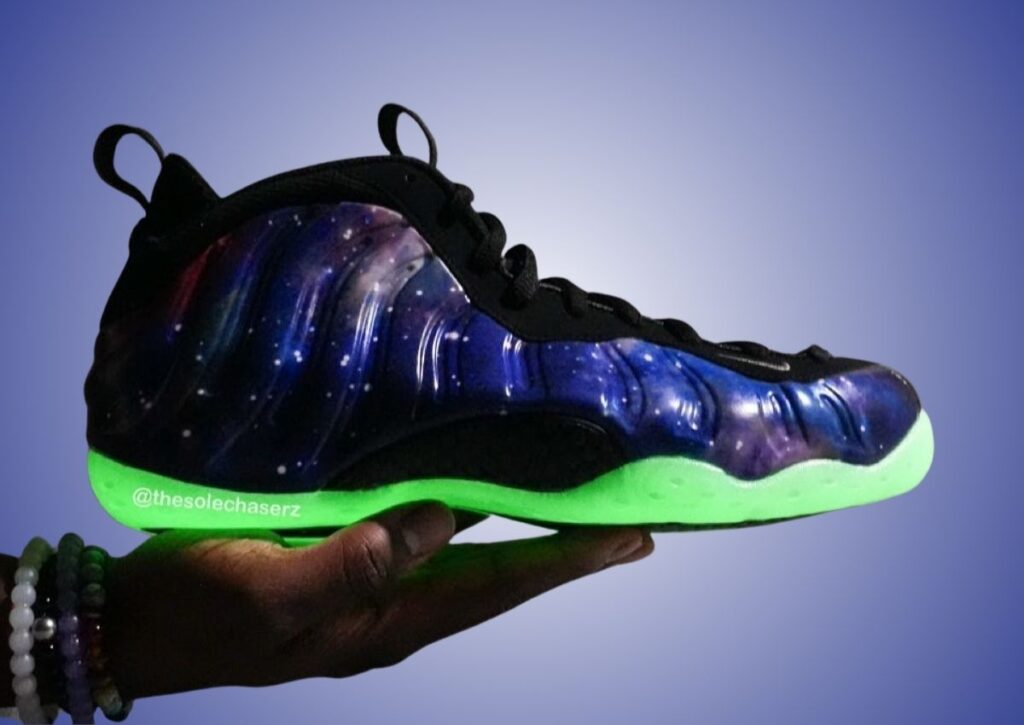 Nike Air Foamposite One Galaxy 2025 FQ4303 400 SneakerFiles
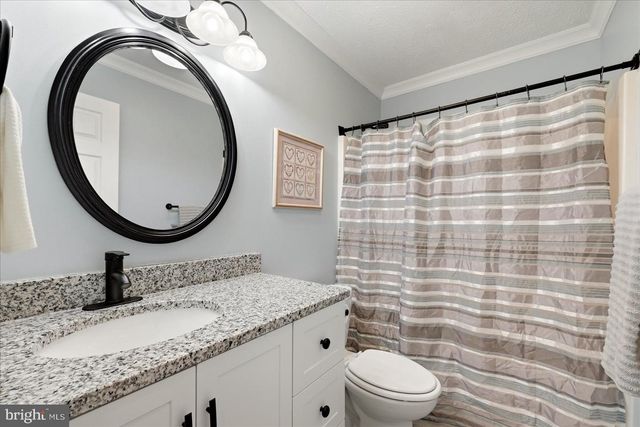151 SASSAFRAS LN, Clear Brook, VA 22624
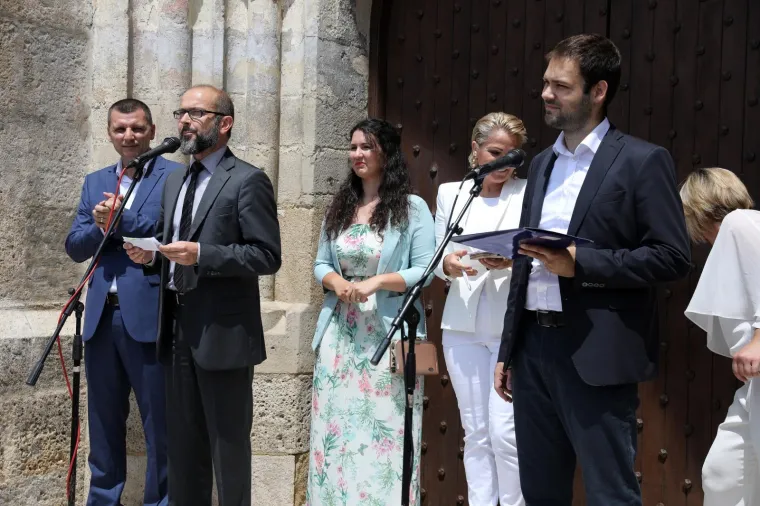 'NAROD ODLUČUJE' U SABORU: U narodnim nošnjama predali kutije s potpisima za zahtjev za raspisivanje referenduma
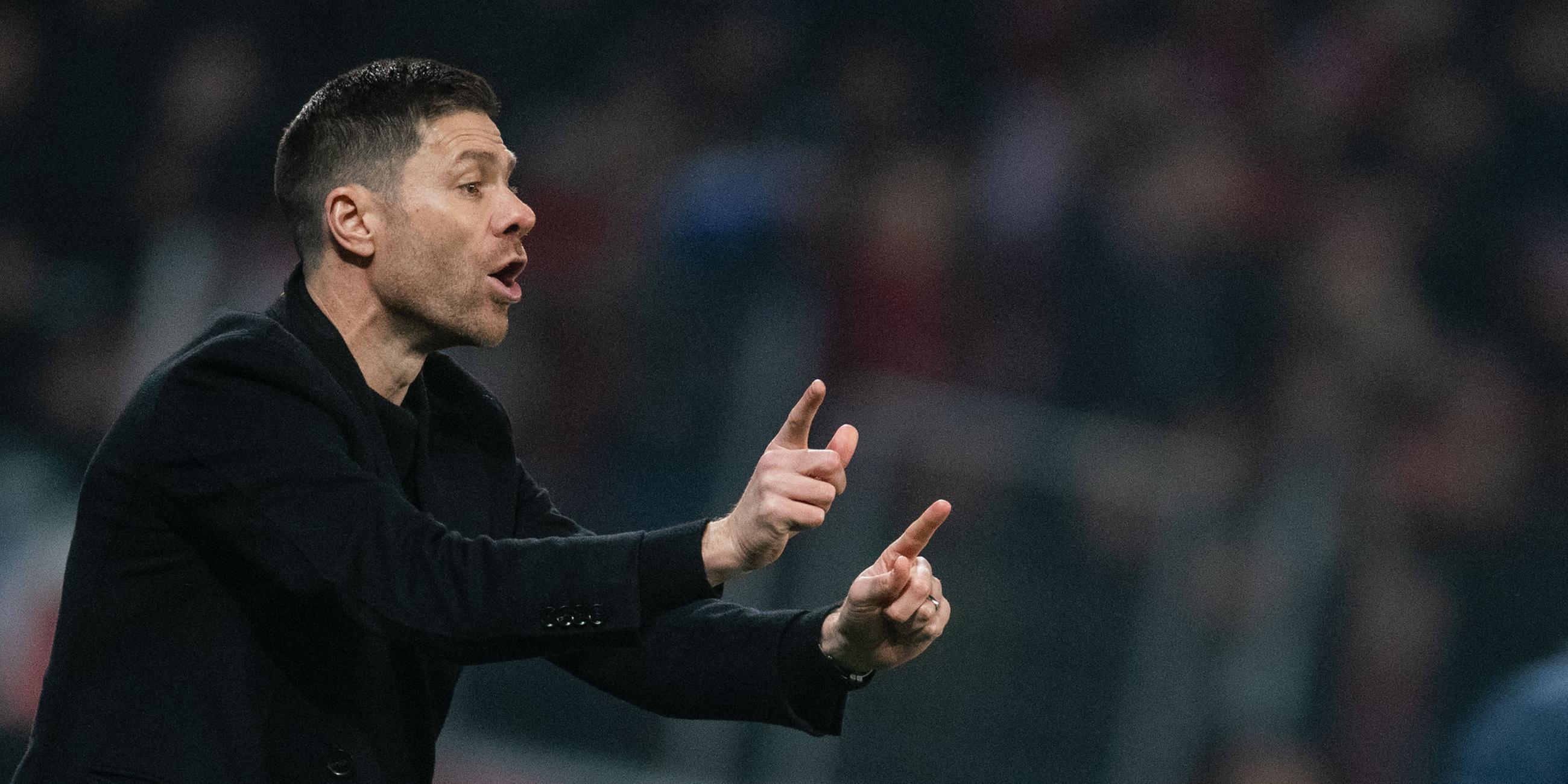 Leverkusens Trainer Xabi Alonso gestikuliert an der Seitenlinie.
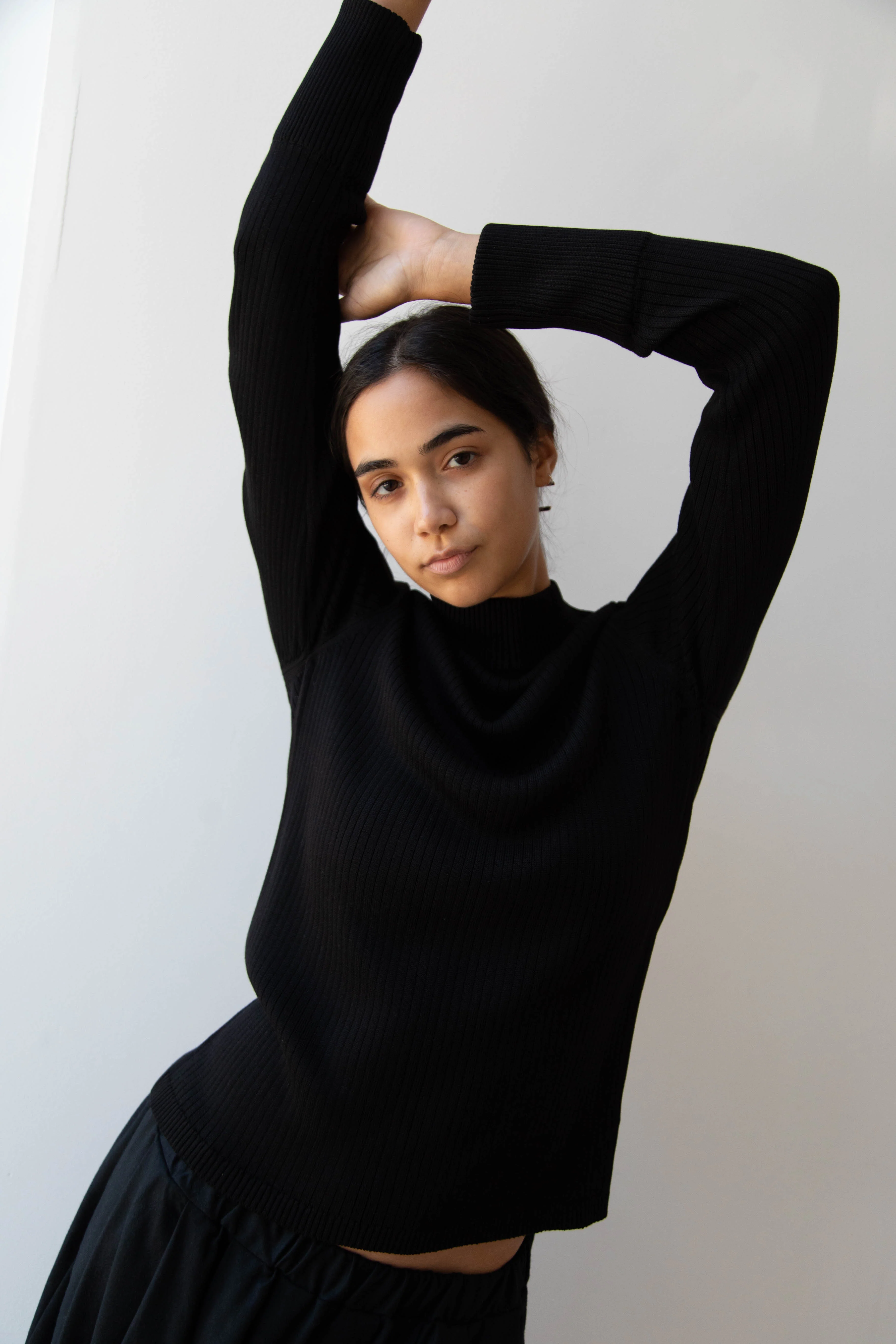 Une Heures Homme Long Sleeve Mock Neck in Noir - Image 14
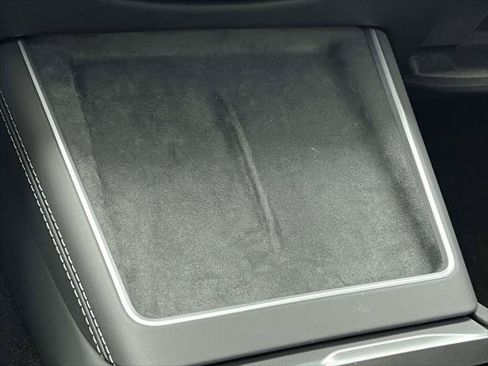 Used 2026 Tesla Model Y 2WD image 31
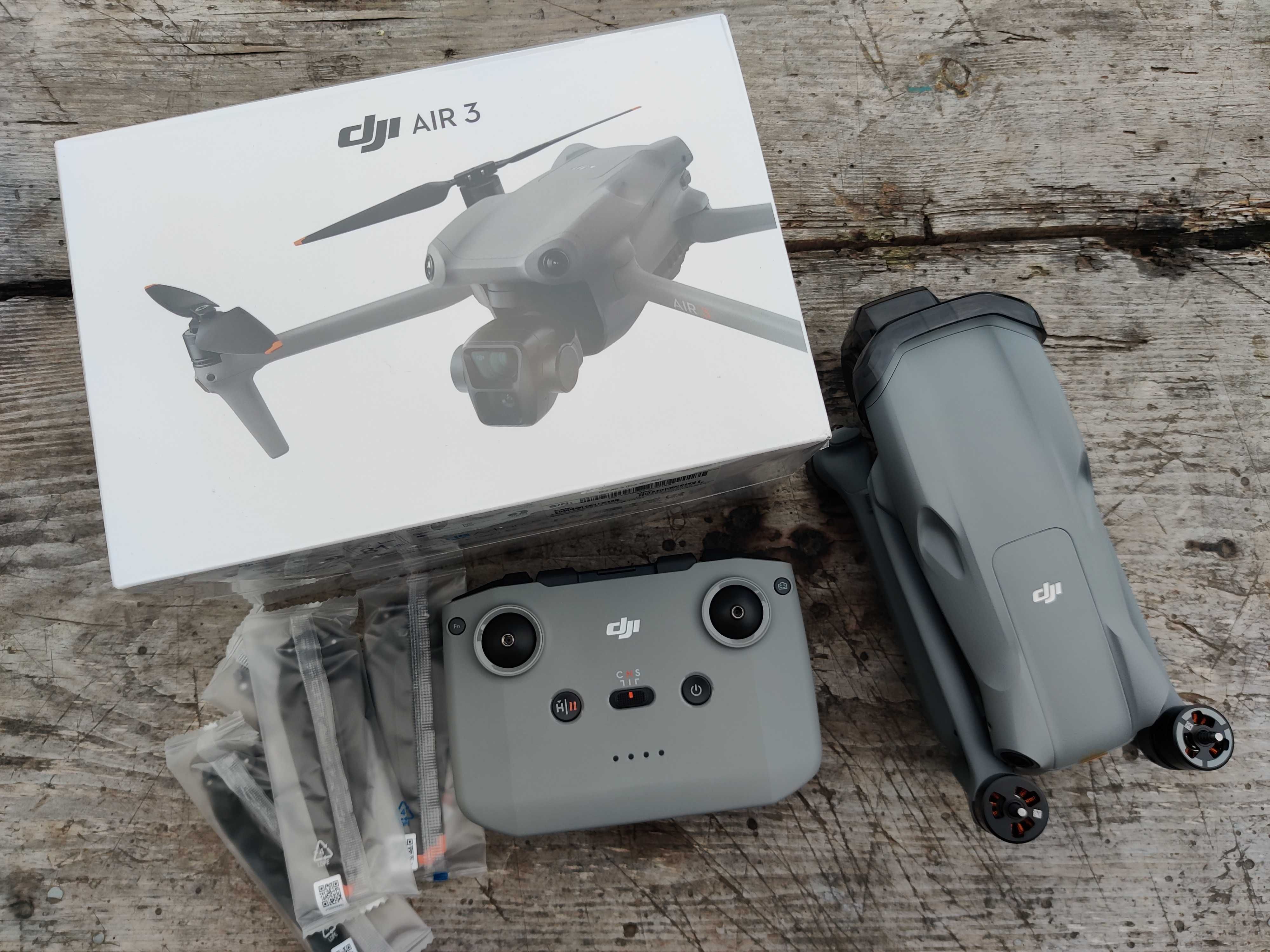 НОВИЙ DJI Air 3 (DJI RC-N2) дрон квадрокоптер 3x zoom drone Mavic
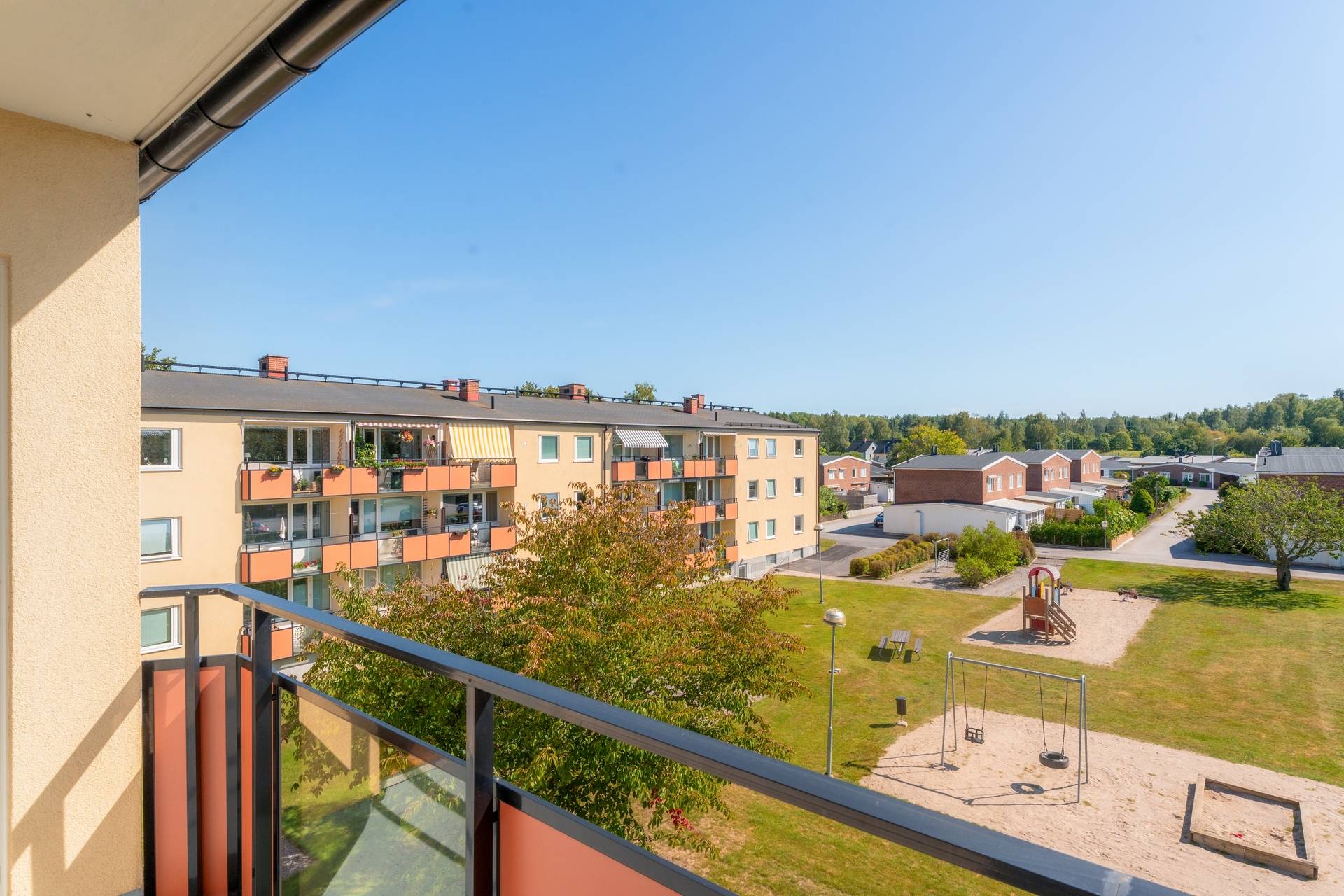 3 rum Lägenhet på Regeringsvägen 39 Oppeby Nyköpings kommun - bild 2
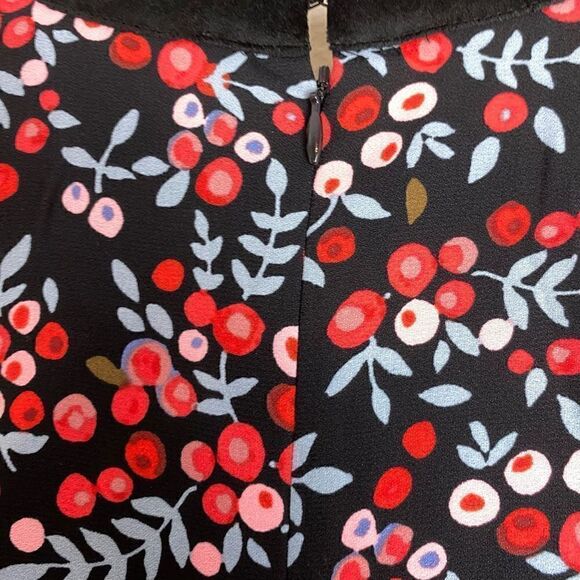 LOFT Berry Velvet Trim Floral Cutout Shift  Dress Size Small EUC M397 - Picture 11 of 12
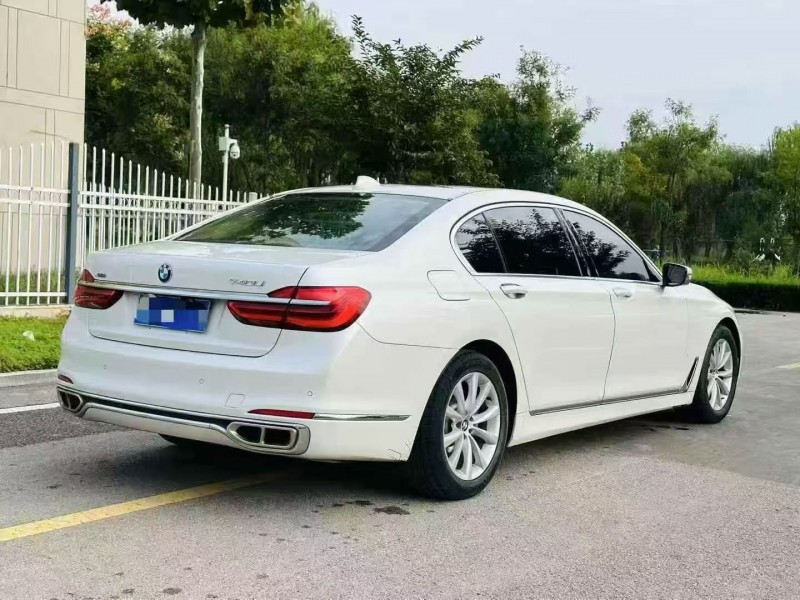 东营17年宝马7系8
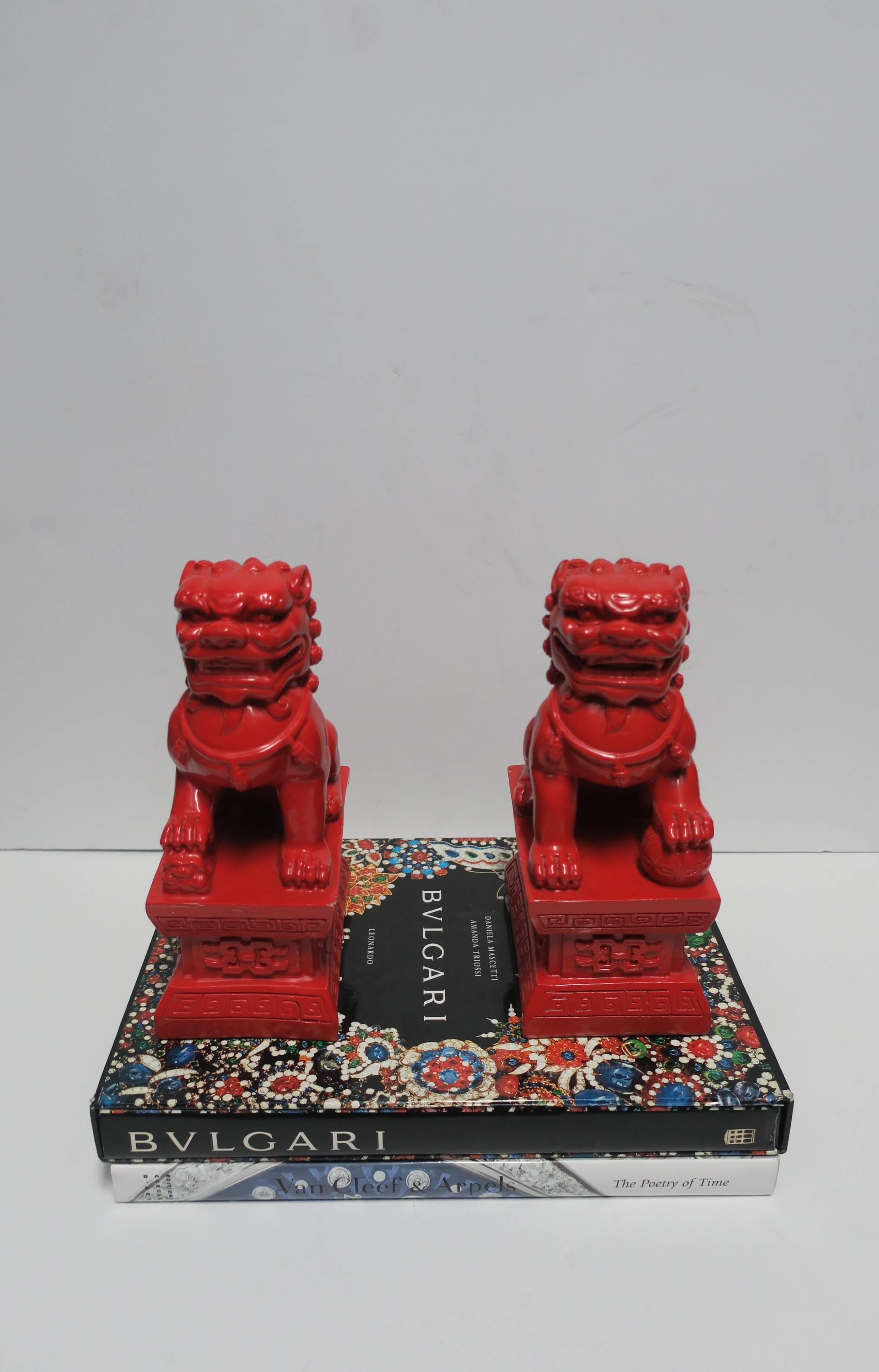 Chinoiserie Pair of Red Foo Dogs or Lions Bookends or Decorative Objects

---+---

▶ [BRIEF]:
The expected output is the run of lines from the one containing "3 rum Lägenhet" to the last line of the listing above, both included, word for word and free of pictures.

▶ [OUTPUT BELOW]:
 3 rum Lägenhet på Regeringsvägen 39 Oppeby Nyköpings kommun - bild 2
 LOFT Berry Velvet Trim Floral Cutout Shift  Dress Size Small EUC M397 - Picture 11 of 12
 东营17年宝马7系8
 Chinoiserie Pair of Red Foo Dogs or Lions Bookends or Decorative Objects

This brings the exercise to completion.